Raw data START
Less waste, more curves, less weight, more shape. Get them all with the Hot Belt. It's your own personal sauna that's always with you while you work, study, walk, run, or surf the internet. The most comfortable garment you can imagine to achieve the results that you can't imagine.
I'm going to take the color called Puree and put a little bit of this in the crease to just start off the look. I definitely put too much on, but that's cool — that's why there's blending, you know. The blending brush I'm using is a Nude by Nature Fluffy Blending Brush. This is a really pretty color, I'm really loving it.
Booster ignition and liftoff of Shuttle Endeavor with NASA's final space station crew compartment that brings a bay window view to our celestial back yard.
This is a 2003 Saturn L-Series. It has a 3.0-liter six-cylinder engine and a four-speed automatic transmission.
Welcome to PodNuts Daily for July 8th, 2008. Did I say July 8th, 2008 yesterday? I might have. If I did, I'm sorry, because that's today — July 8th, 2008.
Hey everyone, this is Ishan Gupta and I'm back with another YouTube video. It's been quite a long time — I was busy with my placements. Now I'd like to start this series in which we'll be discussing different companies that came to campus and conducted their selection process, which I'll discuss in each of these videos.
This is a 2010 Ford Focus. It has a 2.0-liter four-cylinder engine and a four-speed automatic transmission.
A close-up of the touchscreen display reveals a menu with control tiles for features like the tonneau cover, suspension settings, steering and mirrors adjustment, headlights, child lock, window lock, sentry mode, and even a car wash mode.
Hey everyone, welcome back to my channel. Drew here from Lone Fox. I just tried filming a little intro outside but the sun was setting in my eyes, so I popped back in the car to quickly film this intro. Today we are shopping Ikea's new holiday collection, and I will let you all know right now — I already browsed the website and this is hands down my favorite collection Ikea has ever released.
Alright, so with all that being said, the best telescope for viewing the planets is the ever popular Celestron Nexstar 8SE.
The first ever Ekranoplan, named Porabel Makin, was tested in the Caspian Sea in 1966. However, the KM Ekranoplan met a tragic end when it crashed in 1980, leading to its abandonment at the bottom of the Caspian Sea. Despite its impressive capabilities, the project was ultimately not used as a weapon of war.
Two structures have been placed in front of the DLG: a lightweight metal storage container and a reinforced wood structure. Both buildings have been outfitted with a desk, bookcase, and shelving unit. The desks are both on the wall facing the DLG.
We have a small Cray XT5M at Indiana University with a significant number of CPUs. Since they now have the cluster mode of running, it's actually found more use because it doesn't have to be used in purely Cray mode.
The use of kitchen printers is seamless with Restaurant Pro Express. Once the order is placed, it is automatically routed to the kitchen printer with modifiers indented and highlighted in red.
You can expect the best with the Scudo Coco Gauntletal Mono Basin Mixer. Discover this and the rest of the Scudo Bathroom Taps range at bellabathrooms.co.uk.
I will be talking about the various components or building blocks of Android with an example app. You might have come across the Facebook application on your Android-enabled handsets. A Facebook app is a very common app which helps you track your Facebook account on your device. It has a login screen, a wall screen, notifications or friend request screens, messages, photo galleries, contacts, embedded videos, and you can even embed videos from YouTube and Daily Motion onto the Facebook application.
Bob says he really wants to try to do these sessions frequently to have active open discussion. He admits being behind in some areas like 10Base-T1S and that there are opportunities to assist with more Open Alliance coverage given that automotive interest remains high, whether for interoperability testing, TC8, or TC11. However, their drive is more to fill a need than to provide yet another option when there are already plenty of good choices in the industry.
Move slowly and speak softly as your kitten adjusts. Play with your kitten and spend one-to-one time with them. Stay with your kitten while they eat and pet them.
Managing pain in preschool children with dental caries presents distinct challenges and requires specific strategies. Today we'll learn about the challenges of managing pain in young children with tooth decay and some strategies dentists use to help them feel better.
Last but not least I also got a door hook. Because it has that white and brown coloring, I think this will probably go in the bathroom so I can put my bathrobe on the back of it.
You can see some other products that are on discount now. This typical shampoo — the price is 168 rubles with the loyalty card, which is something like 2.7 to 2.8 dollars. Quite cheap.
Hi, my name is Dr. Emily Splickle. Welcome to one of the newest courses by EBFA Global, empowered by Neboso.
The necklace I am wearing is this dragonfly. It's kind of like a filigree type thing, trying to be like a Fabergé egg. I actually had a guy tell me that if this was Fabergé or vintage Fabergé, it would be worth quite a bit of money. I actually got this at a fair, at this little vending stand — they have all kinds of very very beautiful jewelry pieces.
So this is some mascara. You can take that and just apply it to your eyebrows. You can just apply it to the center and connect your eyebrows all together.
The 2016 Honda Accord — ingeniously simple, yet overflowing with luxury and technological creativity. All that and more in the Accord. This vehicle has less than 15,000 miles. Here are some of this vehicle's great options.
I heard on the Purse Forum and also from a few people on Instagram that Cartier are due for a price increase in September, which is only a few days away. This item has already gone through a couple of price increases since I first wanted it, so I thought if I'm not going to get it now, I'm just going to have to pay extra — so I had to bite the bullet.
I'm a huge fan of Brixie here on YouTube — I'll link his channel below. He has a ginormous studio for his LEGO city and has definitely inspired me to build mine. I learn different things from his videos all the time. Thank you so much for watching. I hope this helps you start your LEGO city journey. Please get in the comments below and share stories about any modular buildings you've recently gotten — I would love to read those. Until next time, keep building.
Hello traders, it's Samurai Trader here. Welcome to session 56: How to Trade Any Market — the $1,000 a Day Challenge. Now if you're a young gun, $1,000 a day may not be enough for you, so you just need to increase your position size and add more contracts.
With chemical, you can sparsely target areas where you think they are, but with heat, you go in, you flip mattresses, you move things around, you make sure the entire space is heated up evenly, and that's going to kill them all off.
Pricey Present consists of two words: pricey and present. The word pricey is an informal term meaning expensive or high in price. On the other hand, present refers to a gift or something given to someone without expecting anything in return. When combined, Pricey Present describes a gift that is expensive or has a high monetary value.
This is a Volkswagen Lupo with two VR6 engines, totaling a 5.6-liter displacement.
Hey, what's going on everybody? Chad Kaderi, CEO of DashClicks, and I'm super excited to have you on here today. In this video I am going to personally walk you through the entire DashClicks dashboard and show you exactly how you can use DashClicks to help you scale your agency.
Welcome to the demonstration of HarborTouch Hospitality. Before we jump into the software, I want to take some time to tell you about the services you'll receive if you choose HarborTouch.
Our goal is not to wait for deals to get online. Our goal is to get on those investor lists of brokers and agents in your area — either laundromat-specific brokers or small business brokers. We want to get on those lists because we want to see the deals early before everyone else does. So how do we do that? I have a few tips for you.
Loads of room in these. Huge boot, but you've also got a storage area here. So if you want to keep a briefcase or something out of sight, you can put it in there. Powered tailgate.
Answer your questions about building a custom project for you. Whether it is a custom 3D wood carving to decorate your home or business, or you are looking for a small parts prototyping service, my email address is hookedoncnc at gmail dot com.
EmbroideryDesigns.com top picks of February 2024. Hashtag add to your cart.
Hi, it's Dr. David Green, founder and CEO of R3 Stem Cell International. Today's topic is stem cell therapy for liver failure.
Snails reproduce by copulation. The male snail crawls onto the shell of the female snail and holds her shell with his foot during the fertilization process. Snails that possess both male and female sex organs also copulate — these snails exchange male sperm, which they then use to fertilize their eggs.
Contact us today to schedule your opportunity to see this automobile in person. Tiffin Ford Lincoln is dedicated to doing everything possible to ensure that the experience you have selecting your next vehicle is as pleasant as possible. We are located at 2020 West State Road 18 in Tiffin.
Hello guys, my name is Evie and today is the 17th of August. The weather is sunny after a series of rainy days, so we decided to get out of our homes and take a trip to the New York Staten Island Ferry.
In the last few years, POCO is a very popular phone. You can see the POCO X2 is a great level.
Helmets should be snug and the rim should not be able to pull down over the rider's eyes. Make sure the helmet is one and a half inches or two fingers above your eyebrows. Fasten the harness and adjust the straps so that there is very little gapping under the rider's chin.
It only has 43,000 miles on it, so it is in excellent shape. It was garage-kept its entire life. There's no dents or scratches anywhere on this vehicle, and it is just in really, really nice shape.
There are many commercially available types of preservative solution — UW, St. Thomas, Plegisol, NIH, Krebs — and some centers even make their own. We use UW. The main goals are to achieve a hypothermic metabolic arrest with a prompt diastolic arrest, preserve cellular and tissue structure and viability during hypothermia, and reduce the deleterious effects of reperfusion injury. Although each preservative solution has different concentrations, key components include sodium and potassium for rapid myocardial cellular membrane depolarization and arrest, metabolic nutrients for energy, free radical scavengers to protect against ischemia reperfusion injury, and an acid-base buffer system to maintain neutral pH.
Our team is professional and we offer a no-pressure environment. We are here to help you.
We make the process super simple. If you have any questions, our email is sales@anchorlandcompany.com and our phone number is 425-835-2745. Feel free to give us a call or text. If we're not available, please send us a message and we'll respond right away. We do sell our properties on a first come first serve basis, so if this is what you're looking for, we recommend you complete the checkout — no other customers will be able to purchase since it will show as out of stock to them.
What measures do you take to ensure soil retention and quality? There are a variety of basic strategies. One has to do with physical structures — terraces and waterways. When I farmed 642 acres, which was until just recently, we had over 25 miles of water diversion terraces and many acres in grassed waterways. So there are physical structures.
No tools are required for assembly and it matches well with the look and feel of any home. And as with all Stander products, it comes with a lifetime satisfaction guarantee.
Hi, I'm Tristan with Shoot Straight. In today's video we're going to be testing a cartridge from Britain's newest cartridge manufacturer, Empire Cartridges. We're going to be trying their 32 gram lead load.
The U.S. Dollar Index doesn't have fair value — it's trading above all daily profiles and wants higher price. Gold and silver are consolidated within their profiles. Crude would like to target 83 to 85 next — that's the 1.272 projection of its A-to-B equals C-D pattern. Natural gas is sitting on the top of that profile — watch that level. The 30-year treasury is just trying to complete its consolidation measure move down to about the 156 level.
Raw data END
Please copy the lines above from the line with "What measures do" up to and including the line with "Hi, I'm Tristan", exactly as written and with nothing else.

What measures do you take to ensure soil retention and quality? There are a variety of basic strategies. One has to do with physical structures — terraces and waterways. When I farmed 642 acres, which was until just recently, we had over 25 miles of water diversion terraces and many acres in grassed waterways. So there are physical structures.
No tools are required for assembly and it matches well with the look and feel of any home. And as with all Stander products, it comes with a lifetime satisfaction guarantee.
Hi, I'm Tristan with Shoot Straight. In today's video we're going to be testing a cartridge from Britain's newest cartridge manufacturer, Empire Cartridges. We're going to be trying their 32 gram lead load.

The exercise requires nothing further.